Grief Support for grandparents
Grandparents’ Remembrance
We are the grieving grandparents, the shepherds of our children and grandchildren’s lives. Our grief is two-fold and at times we feel powerless to help. We seek to comfort our children in the depths of their grief and yet we need the time and space to face our own broken hearts. We have been robbed of the special tender touch a grandparent shares with a grandchild and we have lost a symbol of our immortality. As we walk by our child’s side, we both give and draw strength. We reach into their hearts to comfort them, and when they reach out to us in their distress, we begin the journey to heal together. We continue to be their guardians. We allow traditions to change to accommodate their loss. We support the new ones which symbolize the small steps on their journey. It is in their healing that our hearts find comfort. ~ Susan Mackey, TCF, Rutland, VT
Grief Support for siblings
“When you close your eyes and remember, don’t forget that your sibling rests yet in you, in your heart and in your thoughts, in everything you do. They will never leave you alone. You have a listener at your beck and call. What a gift!” – from a Sibling
When a child has died, siblings are often referred to as “the forgotten mourners.” While parents usually receive most of the support of relatives and friends, siblings generally receive little—often being asked “How are your parents doing?” The Compassionate Friends is an organization that is not just for bereaved parents. It’s also for bereaved siblings (and grandparents). Some Chapters have sibling subgroups (which welcome siblings age 14 and up) while adult siblings are welcome at all TCF Chapter meetings.

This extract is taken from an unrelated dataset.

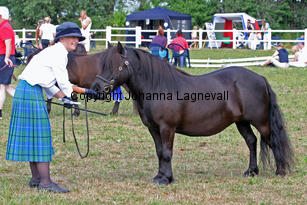 exhibitoftransy_1127-2.jpg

Also, we invite you to contact our National Office at 877-969-0010 and request a customized bereavement packet assembled just for you. There is no charge. We will also be happy to give you a referral to your nearest TCF chapter so you can attend when you feel ready.
Siblings Walking Together
We are the surviving siblings of The Compassionate Friends.
We are brought together by the deaths of our brothers and sisters.
Open your hearts to us, but have patience with us.
Sometimes we will need the support of our friends.
At other times we need our families to be there.
Sometimes we must walk alone, taking our memories with us,
continuing to become the individuals we want to be.
We cannot be our dead brother or sister;
however, a special part of them lives on with us.
When our brothers and sisters died, our lives changed.
We are living a life very different from what we envisioned,
and we feel the responsibility to be strong even when we feel weak.
Yet we can go on because we understand better than many others
the value of family and the precious gift of life.
Our goal is not to be the forgotten mourners that we sometimes are, but to walk together to face our tomorrows as surviving siblings of The Compassionate Friends.